◆ **Problem**: Please find the line that holds "Photo of property" below and reproduce it, along with every line after it through the end, exactly and without pictures.

[Brief descriptive captions]
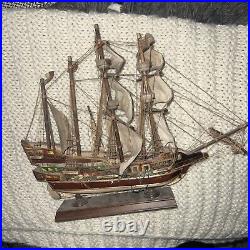 Very old wooden ship Elizabeth gallon 1588? Original Posible US Navy. Dusty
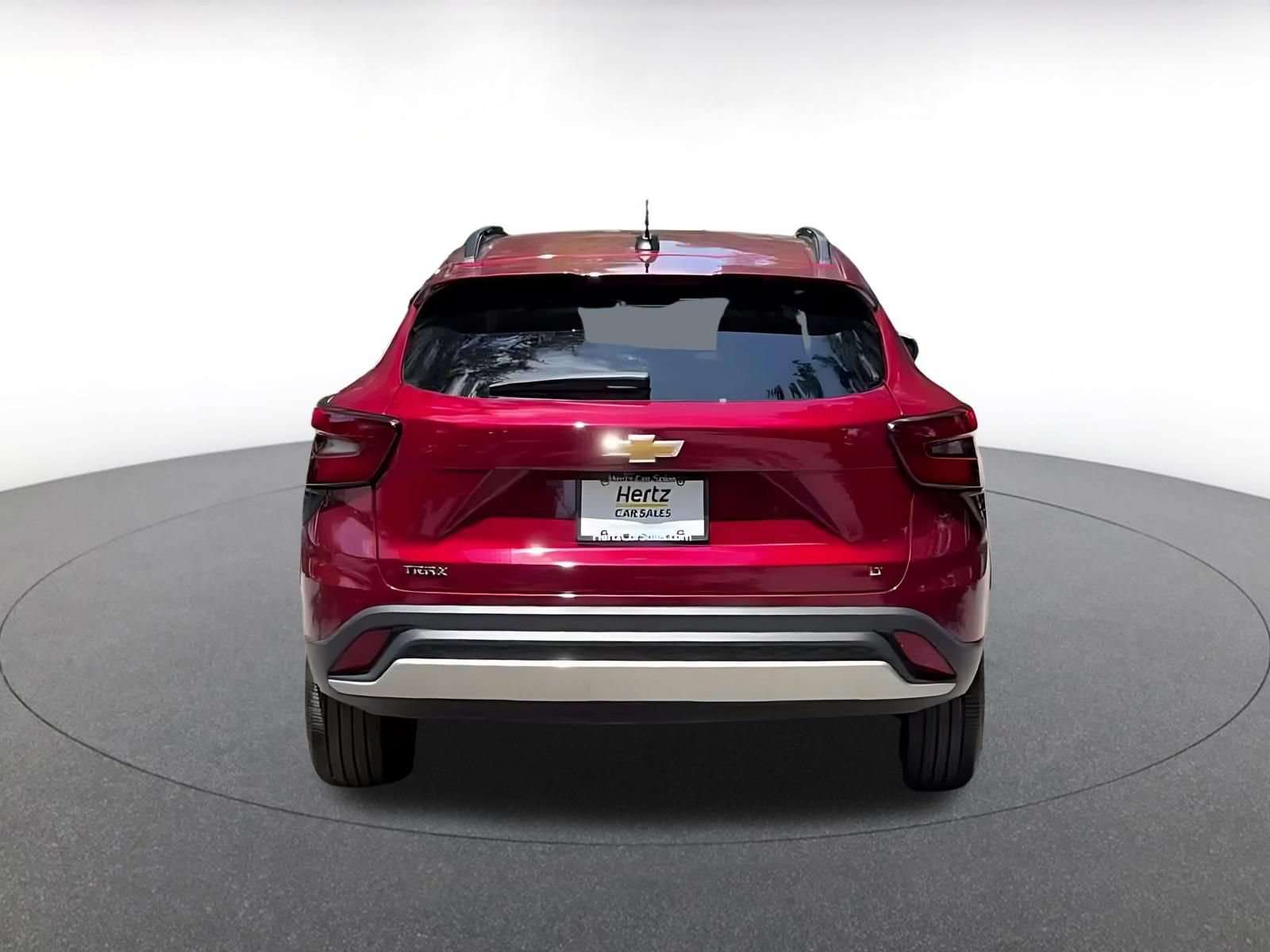Used 2025 Chevrolet Trax LT FWD image 14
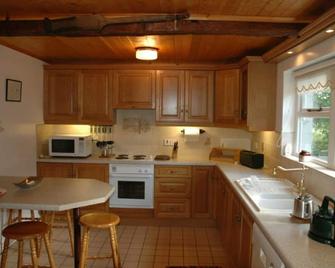 Craig-E-Brae at Edenvale Holiday Cottages - Antrim - Kitchen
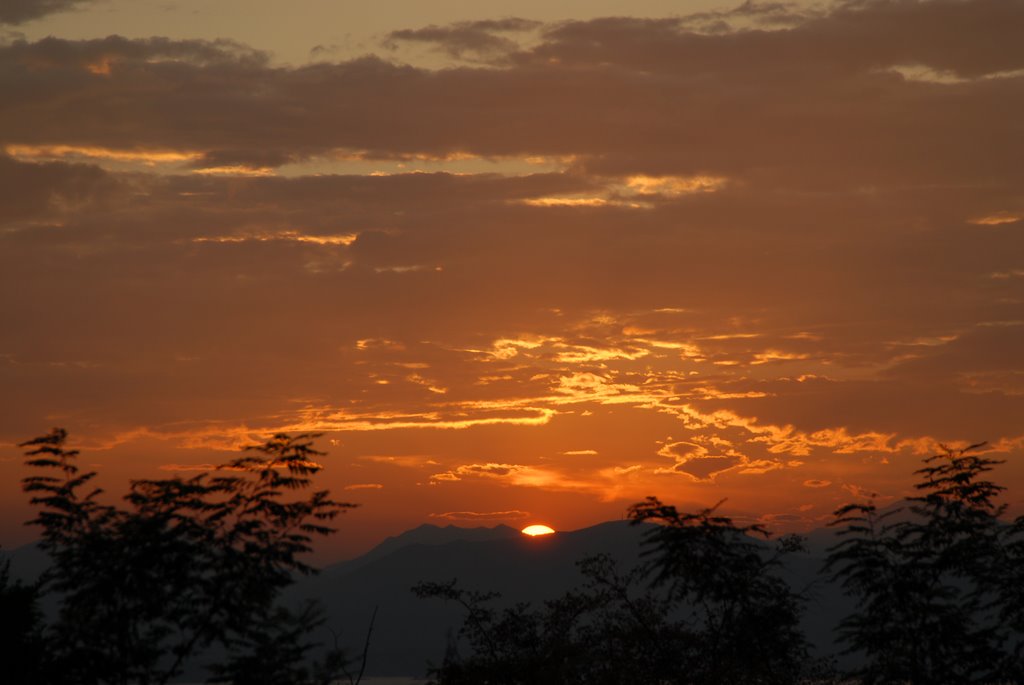 Tramonto sul garda by nicola boschetto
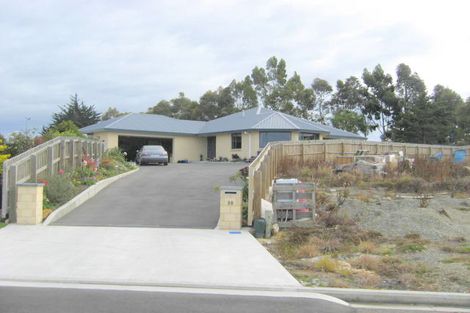 Photo of property in 30 Hannah Place, Holmes Hill, Oamaru, 9401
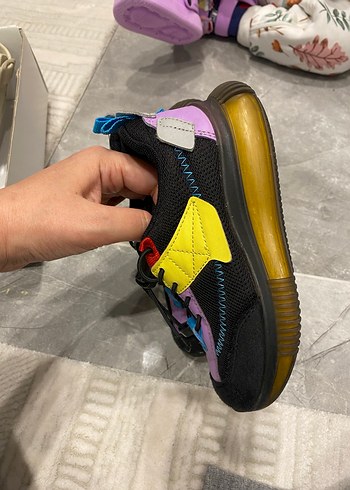 Renkli Bağcıklı ve Cırtcırtlı Kadın Spor Ayakkabı - Görsel 4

◆ **Solution for this problem**:
 Photo of property in 30 Hannah Place, Holmes Hill, Oamaru, 9401
 Renkli Bağcıklı ve Cırtcırtlı Kadın Spor Ayakkabı - Görsel 4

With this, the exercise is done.